GF Quick Quinoa Egg Bread

This is an easy gluten-free sandwich bread. You will have homemade goodness in 30 minutes or less. It’s very hearty; so you can slice it thin and pile it high. It won’t crumble like other gluten-free options. It will hold it’s own.  You can also add in other spices to compliment your main dish.

GF Quick Quinoa Egg Bread

By: Bekie A

1 cup of quinoa flour

1/4 cup brown rice flour

1 tsp salt

1 Tbsp sugar

1/2 tsp baking soda

1 tsp baking powder

2 Tbsp cornstarch

6 large eggs (beaten)

2 Tbsp Greek yogurt

1/2 cup of melted butter or oil of choice (coconut or Olive oil, or ghee will both work)

-Combine wet ingredients and dry ingredients separately.

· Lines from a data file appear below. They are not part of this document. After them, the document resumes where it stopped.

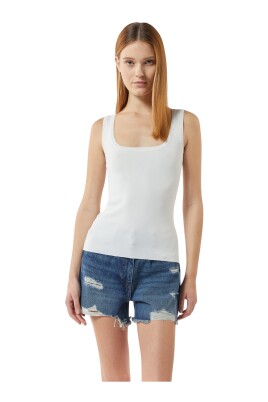 haut-en-tricot-avec-encolure-carree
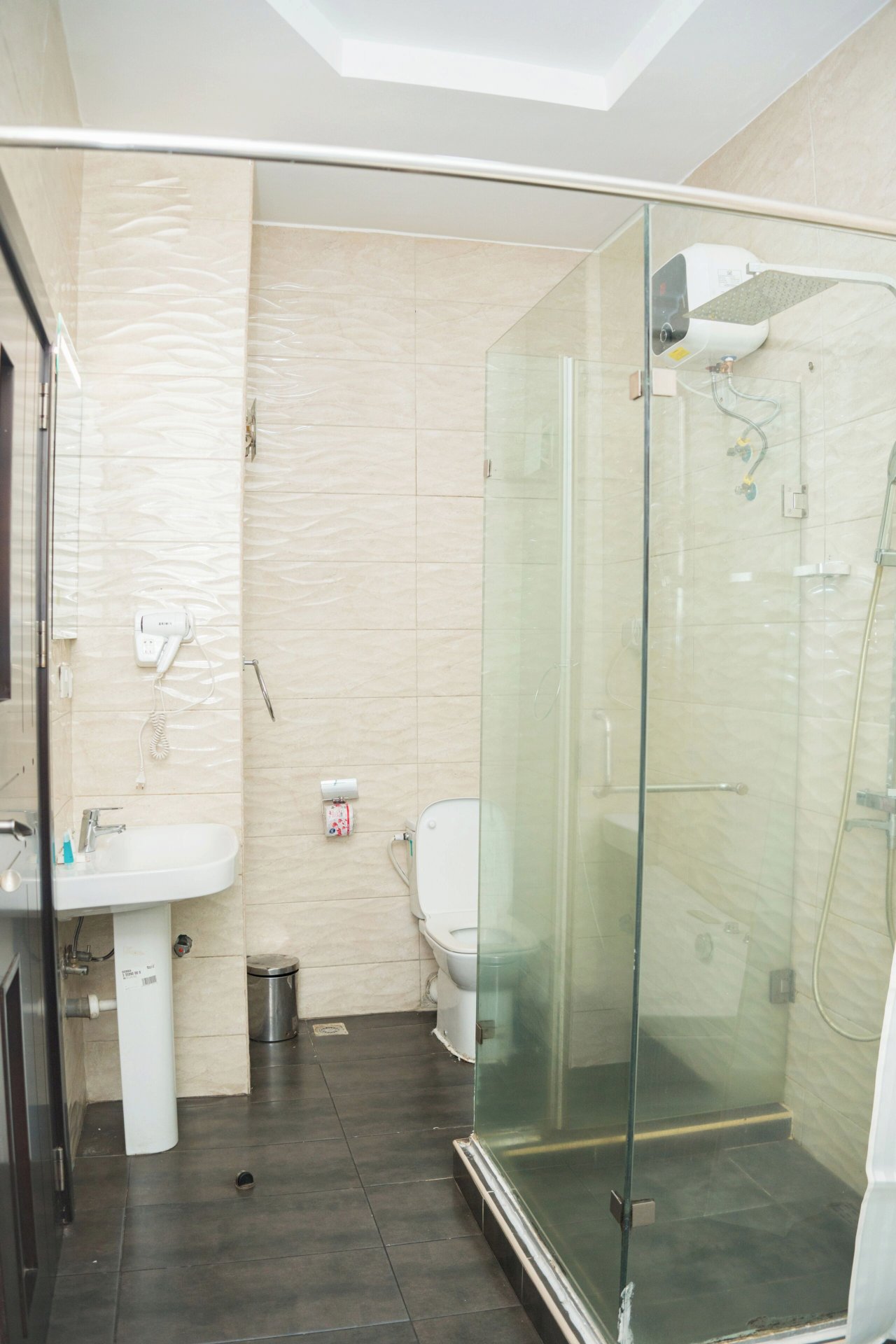 Suite bathroom with glass shower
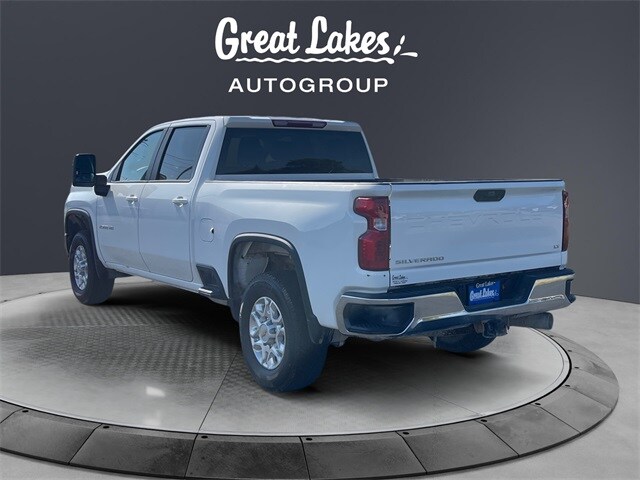 2023 Chevrolet Silverado 2500HD LT photo 3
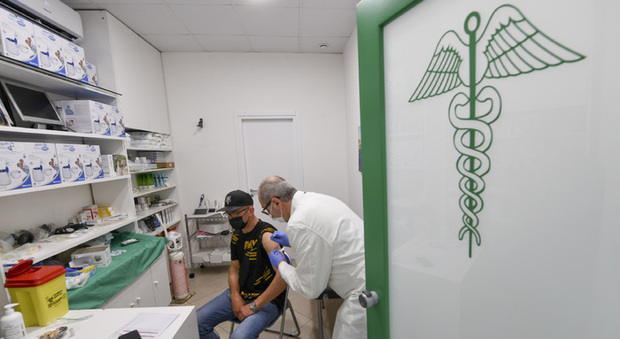 Vaccini Pfizer in farmacia a Napoli, pronte le prime 50: basta la carta d'identità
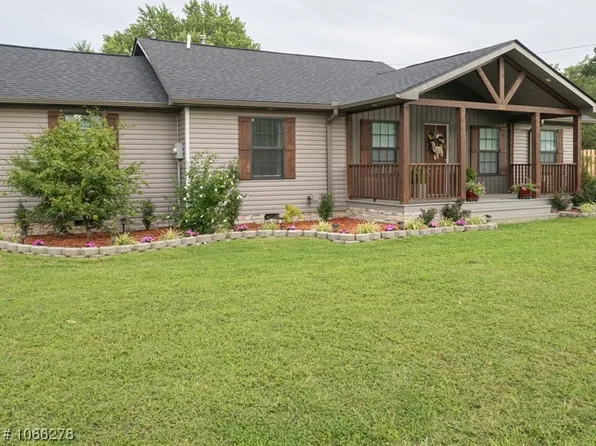 711 E Lincoln St, Greenwood, AR 72936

Make a well in the dry ingredients and add in the wet. Combine thoroughly and pour into a buttered 8 or 9 inch bread pan. Bake at 350 for 25-30 minutes until golden.

Store in the fridge to keep fresh. 

 

Posted in Breakfast, Yeast and Quick Breads

Lemon Olive Oil Scones with a Lemon Balsamic Glaze

I love the clean, subtle, tang of lemon in these scones. The square shape and sticky glaze make a beautiful presentation, and a unique addition to any brunch.

Lemon Olive Oil Scones with a Lemon Balsamic Glaze

By: Bekie A

1/3  cup lemon olive oil

1 egg 

4 tbsp butter

2/3 cups of half n half (or whole milk with 2 tbsp of butter)

2 tbsp water

3 cups self rising flour

1/3 cup sugar

1/2 tbsp salt

-Sift together dry ingredients. Soften butter and work into dry ingredients with a fork. Make a well in the dry ingredients. Mix together wet ingredients separately. Pour into dry. Mix together gently into a large disc. Don’t over mix. Using a square biscuit cutter (or any shape), cut into 8-12 scones. Brush with milk and place on a cooking stone or double-pan cookie sheet. 

Serves 8-12

Bake on 400  for 12-14 min

Icing glaze:

Lemon Balsamic Glaze

1 tsp Vanilla extract

3-4 Tbsp of Milk or water

1-2 Tbsp of Lemon Balsamic 

1 1/2 cups of Powdered sugar

–Mix together all ingredients with a whisk until there are no more lumps. While scones are hot, spoon or brush onto scones. Allow to set for 5 min before eating.